Animating Dosas

Scraping Saravana Bhavan’s web site to map restaurant locations in time and space

gganimate
leaflet
tidyverse
rvest
Published

May 31, 2018

Overview

From humble origins in Chennai, Saravana Bhavan has grown into a global chain of close to 100 high-quality, vegetarian South Indian restaurants. If you eat at their Delhi location, you’ll find a paper placemat in front of you listing all of their locations around the world. I took the opportunity to scrape their company website for the addresses of these locations and map them.

This blog explains how I made a few different visualizations of the chain’s growth, but here is my favorite.

HSB growth gif

You can find the code behind the images in this blog’s Github repo.

I hope this map, along with a few others I’ve made below, are more informative than the map currently available on Saravana’s website.

HSB map

N.B. This post was written using the old gganimate API

Web Scraping

Rather than load all packages at once, I will load them as needed for easier demonstration.
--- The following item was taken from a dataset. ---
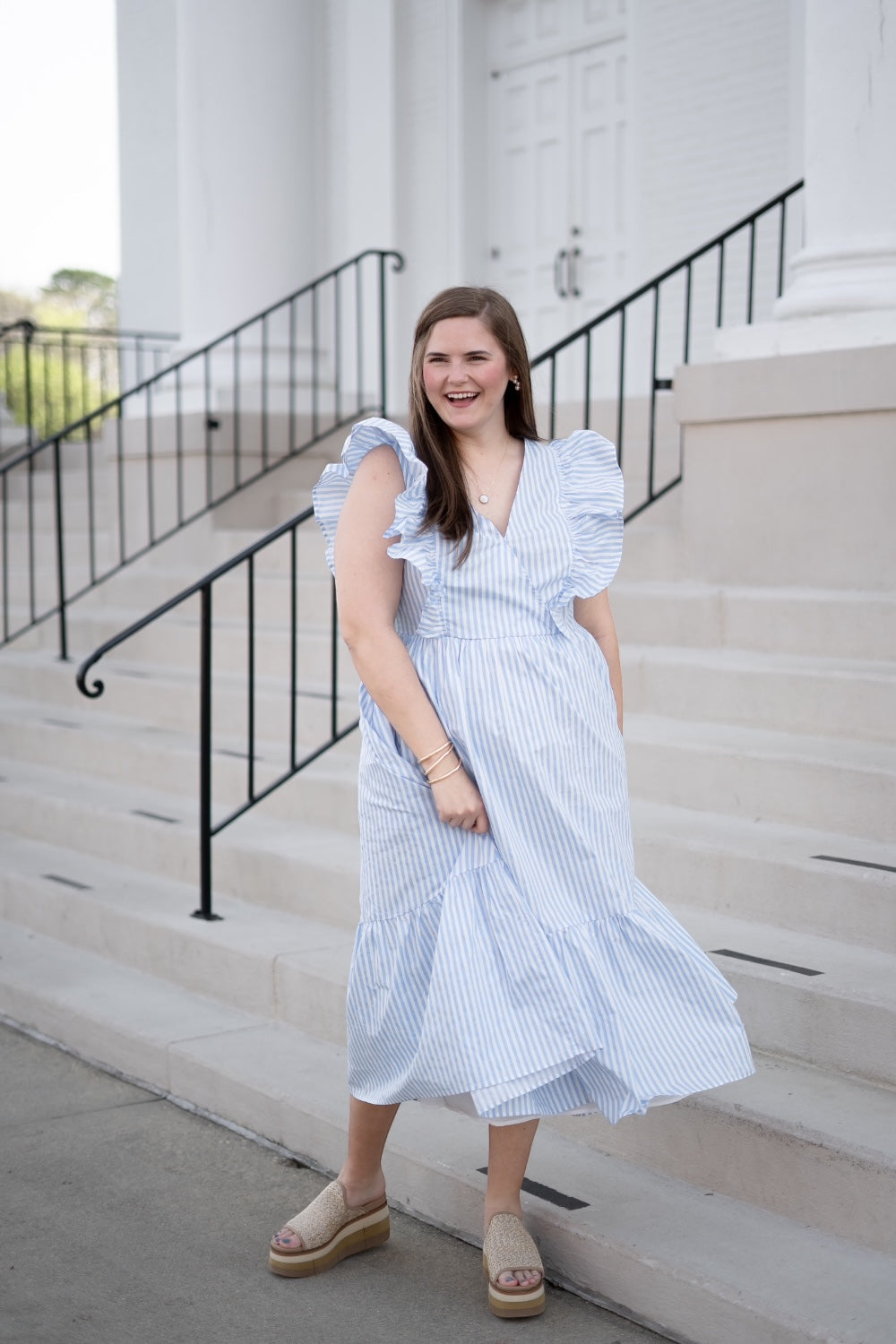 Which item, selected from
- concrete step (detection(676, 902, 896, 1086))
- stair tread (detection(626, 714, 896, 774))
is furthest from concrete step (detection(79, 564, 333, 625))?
concrete step (detection(676, 902, 896, 1086))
I used rvest for web scraping and the tidyverse for data wrangling.

library(tidyverse)
library(rvest)
library(countrycode)
library(ggmap)

Scrape country pages

The first step was to scrape the data from the Saravana Bhavan website. To find the restaurant information, you need to enable Adobe Flash Player to see the map; then choose a country; then a city; and then pick a location. The complete urls contain a country (“cn”), a city (“cy”), and a restaurant id (“rid”). All of these will need to be scraped. An example of this pattern is “http://saravanabhavan.com/restaurants.php?cn=U.A.E&cy=Abu%20Dhabi&rid=73”.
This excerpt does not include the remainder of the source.